Tatsächlich war Friedrich im Mai 1747 in sein neues Lustschloss Sanssouci eingezogen. Dort könnten Vater Bachs Triosonate in c-Moll und das e-Moll-Trio seines Sohnes durchaus gespielt worden sein, es ist nämlich eine Mär, dass König Friedrich bei seinen allabendlichen Konzerten in Sanssouci lediglich seine eigen Musik und die seines Lehrers Quantz aufgeführt habe. Regelmäßig gastierten die Kastraten der Berliner Hofoper im Schloss, um dort Arien zu singen, sicher dürften sich auch die Streicher und Cembalisten dort mit eigener Musik vorgestellt haben, freilich im intimen Rahmen. Bekanntlich wurde die königliche Flöte an diesen Abenden nur von solistischen Streichern, einem Fagottisten und dem Kammercembalisten begleitet. Wer Menzels Gemälde Flötenkonzert in Sanssouci kennt, dem dürfte diese Szenerie vertraut sein. Auf dem Gemälde kann man die königlichen Konzertmeister Johann Gottlieb Graun und Franz Benda ebenso erkennen wie Carl Philipp am Cembalo.

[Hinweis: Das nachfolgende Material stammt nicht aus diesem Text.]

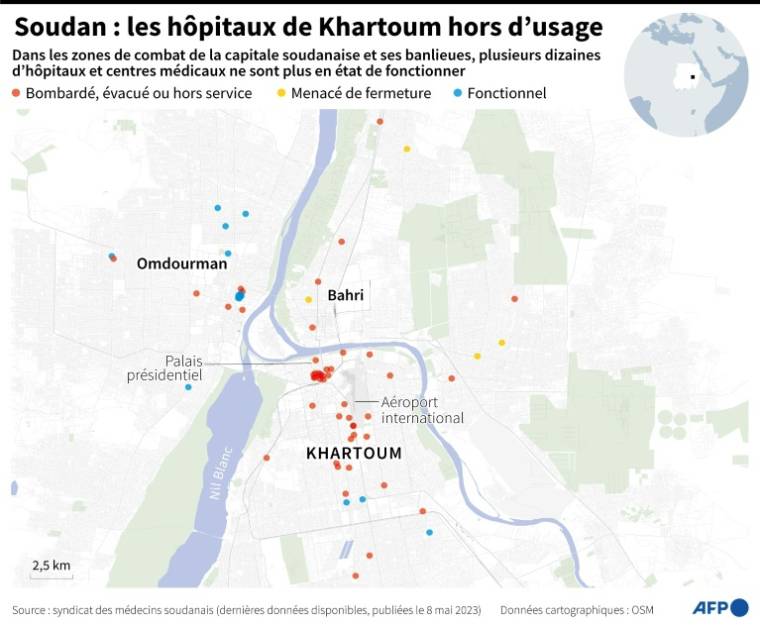 Carte de Khartoum, capitale du Soudan, et ses environs dressant un état des lieux des hôpitaux, selon le syndicat des médecins soudanais ( AFP / Sylvie HUSSON )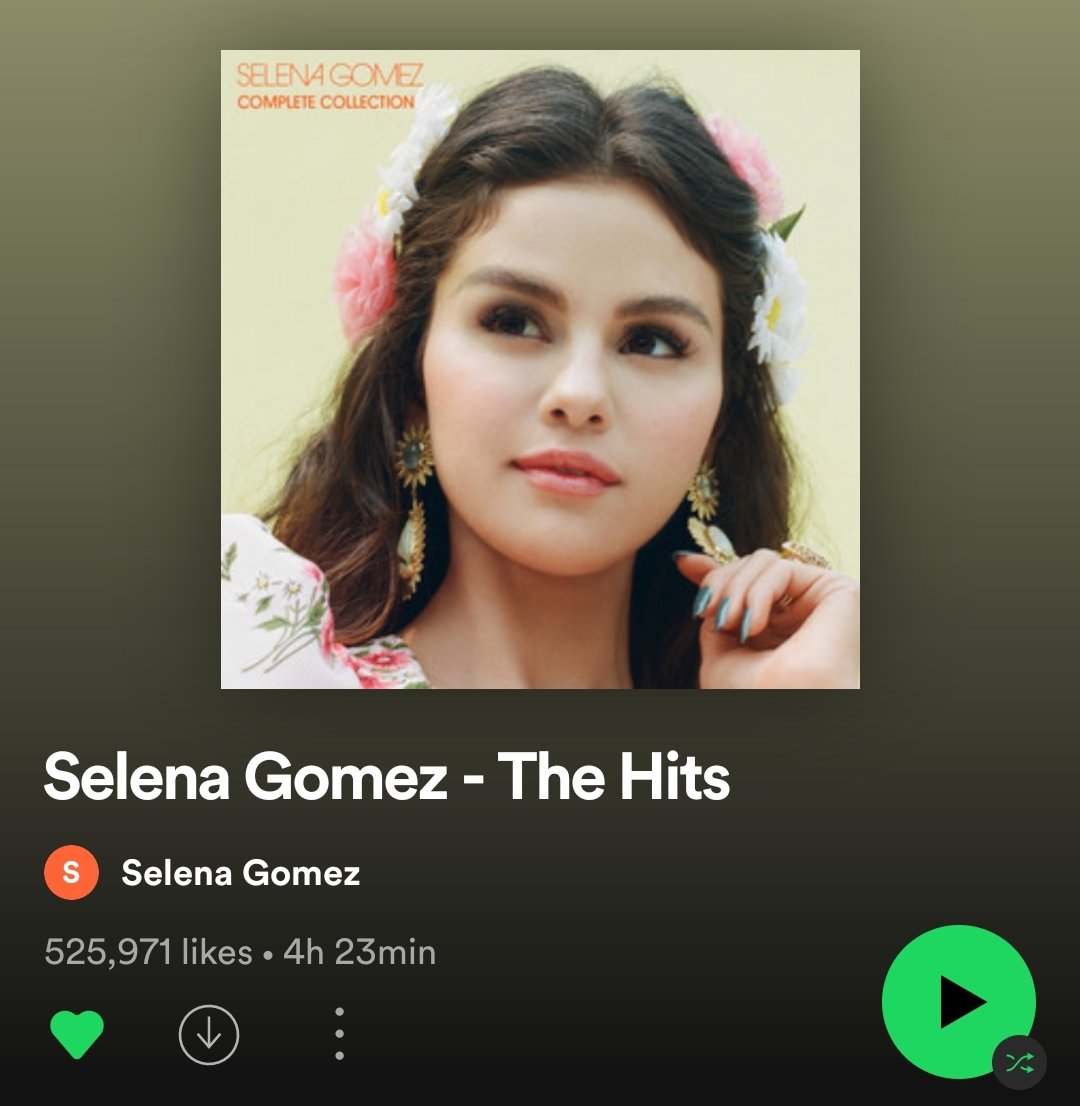 GomezUpdatesGR's tweet photo. — Spotify numbers 🎧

Durch dessen e-Moll-Trio weht also der Zauber von Sanssouci. Zugleich kann man im ersten Satz ein Echo auf das Musicalische Opfer des Vaters hören. Deutlich folgt dieses Allegretto im Zweiertakt dem Vorbild des zweiten Satzes aus der Triosonate im Musicalischen Opfer. Ähnliche melodische und harmonische Wendungen erinnern ebenso an das berühmte Vorbild wie der weiträumige Aufbau und die spannungsreiche Verzahnung der drei Stimmen. Der Mittelsatz ist ein idyllische Andante im Dreiertakt, das nach C-Dur ausweicht – eine Sommermusik aus Sanssouci. Im Finale spürt man wieder den langen Arm des Thomaskantors: Den Anfang übernahm Carl Philipp aus dem Finale der d-Moll-Orgeltriosonate seines Vaters – Dreiertakt, absteigender Bass, die gleiche melodische Wendung zu Beginn. Dank zahlreicher Synkopen und punktierter Rhythmen geht der Satz dann aber eigene Wege – die eigenwilligen Wege des Berliner Bachsohnes.
Die Werkverzeichnis-Nummer „Wq 155“ weist übrigens auf so genannte „Wotquenne-Verzeichnis“ hin: 1905 legte der Belgier Alfred Wotquenne, Bibliothekar am Brüsseler Konservatorium, sein „Thematisches Verzeichnis der Werke von Carl Philipp Emanuel Bach“ vor – immerhin 45 Jahre, bevor das erste „Bachwerkeverzeichnis“ für die Musik Johann Sebastian Bachs erschien. Jene Werkliste nennt man heute noch das „Wotquenne-Verzeichnis“ (abgekürzt Wq), während das Wort „Bachwerkeverzeichnis“ (BWV) für Vater Bach reserviert blieb.